First find the line with "Raav vector compositions, methods" in the entries below, then set down exactly every line through the line with "AlphaFold protein structure", that line included.

> _RECORDS FOR THE EXERCISE_:
=== Begin Enclosure ===

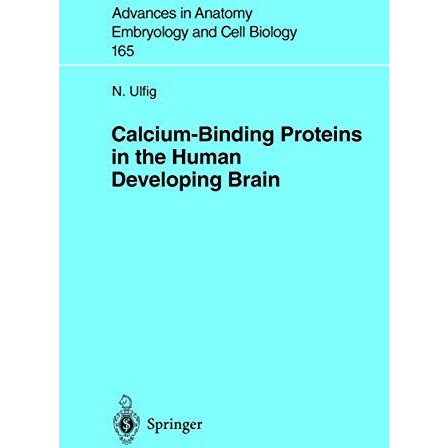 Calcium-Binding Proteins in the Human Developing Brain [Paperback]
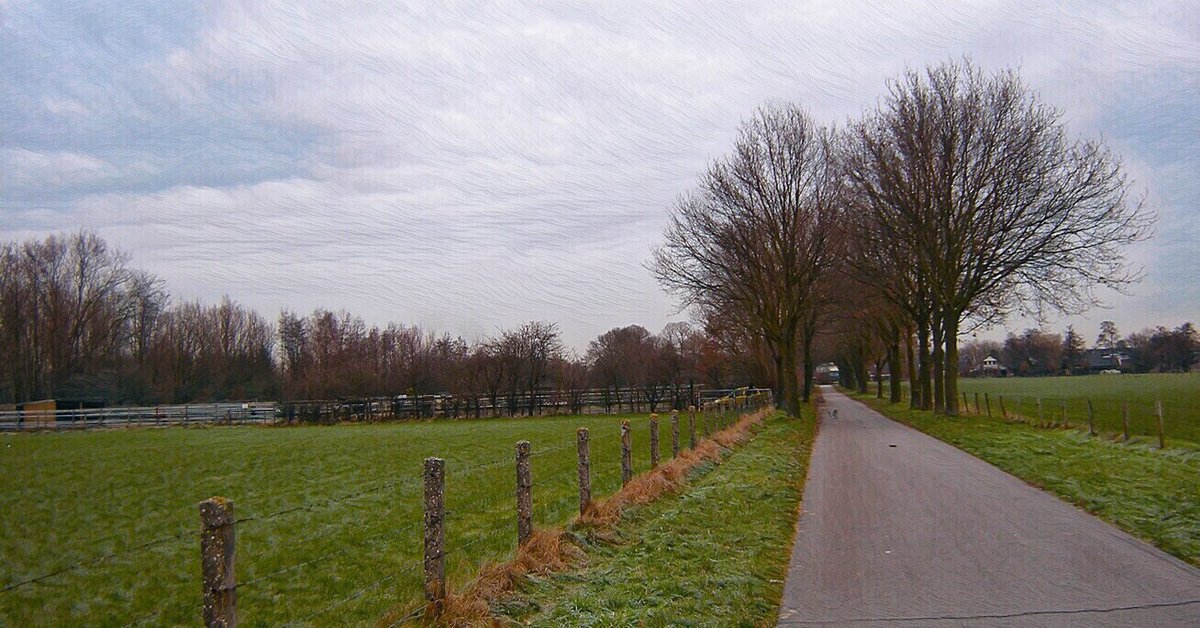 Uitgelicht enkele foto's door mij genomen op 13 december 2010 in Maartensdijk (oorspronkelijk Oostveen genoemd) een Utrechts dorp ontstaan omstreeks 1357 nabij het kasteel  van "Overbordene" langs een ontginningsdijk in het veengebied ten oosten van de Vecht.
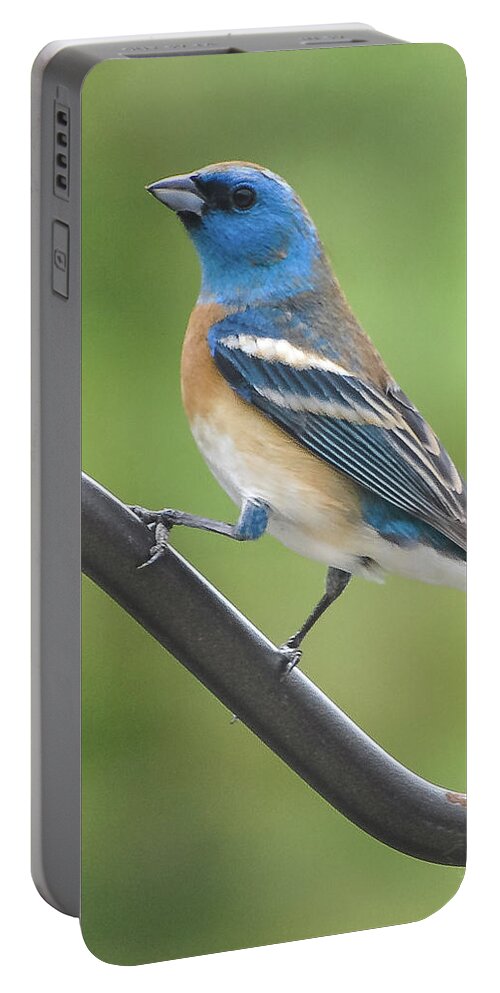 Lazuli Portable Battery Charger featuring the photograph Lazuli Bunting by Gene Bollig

=== End Enclosure ===
=== Begin Enclosure ===

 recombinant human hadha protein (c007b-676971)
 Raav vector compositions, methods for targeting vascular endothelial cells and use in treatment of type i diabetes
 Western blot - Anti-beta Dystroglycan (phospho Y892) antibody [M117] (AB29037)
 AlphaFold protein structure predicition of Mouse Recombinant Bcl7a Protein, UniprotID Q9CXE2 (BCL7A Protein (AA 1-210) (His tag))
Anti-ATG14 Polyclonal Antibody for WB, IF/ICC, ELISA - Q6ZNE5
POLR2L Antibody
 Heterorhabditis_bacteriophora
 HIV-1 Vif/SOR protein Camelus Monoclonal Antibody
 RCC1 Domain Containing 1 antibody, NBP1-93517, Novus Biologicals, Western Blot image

=== End Enclosure ===

> _ANSWER SPACE_:
 Raav vector compositions, methods for targeting vascular endothelial cells and use in treatment of type i diabetes
 Western blot - Anti-beta Dystroglycan (phospho Y892) antibody [M117] (AB29037)
 AlphaFold protein structure predicition of Mouse Recombinant Bcl7a Protein, UniprotID Q9CXE2 (BCL7A Protein (AA 1-210) (His tag))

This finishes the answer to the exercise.